Problem to work on >> Search string "Chương": state how many lines in the material below contain it, and nothing else.

Task material >>

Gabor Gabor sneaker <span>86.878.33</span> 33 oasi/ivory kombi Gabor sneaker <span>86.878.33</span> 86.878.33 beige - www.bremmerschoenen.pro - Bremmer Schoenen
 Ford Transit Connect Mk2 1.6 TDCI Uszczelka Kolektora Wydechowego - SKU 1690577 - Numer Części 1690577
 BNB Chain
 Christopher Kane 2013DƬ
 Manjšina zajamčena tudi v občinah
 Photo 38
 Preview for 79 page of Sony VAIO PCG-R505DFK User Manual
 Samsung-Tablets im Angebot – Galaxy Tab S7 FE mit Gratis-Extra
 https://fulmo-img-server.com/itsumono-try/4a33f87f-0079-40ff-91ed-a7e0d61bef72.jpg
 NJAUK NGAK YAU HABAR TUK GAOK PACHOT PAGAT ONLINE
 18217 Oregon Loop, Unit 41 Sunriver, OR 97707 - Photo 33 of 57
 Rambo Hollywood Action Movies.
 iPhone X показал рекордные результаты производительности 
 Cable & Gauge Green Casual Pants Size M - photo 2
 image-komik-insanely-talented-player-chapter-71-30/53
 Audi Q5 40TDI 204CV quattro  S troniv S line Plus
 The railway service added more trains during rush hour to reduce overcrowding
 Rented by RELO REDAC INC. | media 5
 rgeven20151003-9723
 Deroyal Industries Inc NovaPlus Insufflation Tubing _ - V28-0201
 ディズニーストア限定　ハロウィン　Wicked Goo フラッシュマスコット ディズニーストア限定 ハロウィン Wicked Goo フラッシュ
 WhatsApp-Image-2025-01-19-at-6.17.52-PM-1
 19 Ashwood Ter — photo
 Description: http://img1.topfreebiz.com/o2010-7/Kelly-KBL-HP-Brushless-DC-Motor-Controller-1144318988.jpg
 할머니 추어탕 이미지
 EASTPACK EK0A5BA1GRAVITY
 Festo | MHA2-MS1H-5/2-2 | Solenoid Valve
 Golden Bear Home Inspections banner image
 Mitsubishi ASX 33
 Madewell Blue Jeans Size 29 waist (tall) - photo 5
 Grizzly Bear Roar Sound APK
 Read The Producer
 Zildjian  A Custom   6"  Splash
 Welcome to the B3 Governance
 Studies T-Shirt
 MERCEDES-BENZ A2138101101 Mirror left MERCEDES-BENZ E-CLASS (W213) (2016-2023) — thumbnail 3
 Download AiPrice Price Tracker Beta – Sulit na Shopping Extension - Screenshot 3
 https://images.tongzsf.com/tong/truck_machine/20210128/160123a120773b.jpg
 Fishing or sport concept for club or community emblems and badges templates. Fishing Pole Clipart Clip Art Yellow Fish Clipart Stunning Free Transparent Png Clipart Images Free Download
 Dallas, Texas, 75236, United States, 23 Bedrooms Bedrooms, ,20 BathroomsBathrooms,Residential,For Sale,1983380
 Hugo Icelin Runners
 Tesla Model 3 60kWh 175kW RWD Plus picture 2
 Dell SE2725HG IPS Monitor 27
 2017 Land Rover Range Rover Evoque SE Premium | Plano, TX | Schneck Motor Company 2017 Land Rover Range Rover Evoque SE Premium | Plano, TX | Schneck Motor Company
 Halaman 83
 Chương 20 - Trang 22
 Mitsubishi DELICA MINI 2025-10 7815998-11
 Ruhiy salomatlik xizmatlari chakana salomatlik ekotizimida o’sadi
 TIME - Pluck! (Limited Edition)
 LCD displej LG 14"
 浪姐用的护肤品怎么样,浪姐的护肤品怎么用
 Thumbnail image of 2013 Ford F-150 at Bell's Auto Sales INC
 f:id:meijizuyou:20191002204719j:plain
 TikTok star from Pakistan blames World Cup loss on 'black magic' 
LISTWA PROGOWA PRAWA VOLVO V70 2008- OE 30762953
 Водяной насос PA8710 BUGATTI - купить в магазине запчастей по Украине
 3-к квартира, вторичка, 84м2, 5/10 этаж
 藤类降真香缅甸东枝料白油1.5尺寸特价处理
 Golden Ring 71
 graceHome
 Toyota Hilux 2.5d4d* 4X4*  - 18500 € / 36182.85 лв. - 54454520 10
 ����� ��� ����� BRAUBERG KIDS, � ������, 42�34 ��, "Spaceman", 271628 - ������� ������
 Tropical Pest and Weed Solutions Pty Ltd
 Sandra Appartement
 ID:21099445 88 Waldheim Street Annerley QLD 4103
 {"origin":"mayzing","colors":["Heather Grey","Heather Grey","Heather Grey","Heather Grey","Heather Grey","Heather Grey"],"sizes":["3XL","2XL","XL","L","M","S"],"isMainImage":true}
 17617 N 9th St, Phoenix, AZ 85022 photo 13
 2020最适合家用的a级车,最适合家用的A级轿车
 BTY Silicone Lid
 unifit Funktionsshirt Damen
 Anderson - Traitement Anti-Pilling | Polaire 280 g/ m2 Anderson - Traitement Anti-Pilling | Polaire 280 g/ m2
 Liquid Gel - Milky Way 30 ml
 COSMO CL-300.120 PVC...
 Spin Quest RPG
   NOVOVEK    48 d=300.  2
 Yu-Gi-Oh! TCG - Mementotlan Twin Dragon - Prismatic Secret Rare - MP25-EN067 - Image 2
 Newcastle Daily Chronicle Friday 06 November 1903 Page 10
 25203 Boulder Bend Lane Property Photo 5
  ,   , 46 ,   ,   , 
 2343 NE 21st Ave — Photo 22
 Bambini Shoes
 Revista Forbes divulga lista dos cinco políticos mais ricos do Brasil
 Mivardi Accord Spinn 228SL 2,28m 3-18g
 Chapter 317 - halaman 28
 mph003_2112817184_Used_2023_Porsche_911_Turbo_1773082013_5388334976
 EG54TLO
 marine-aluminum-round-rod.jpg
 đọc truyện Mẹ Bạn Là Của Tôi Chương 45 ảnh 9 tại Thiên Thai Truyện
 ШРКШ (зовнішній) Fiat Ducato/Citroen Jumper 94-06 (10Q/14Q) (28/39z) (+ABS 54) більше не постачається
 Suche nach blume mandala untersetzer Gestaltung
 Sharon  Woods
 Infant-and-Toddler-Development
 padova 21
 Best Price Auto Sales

Written response >> 2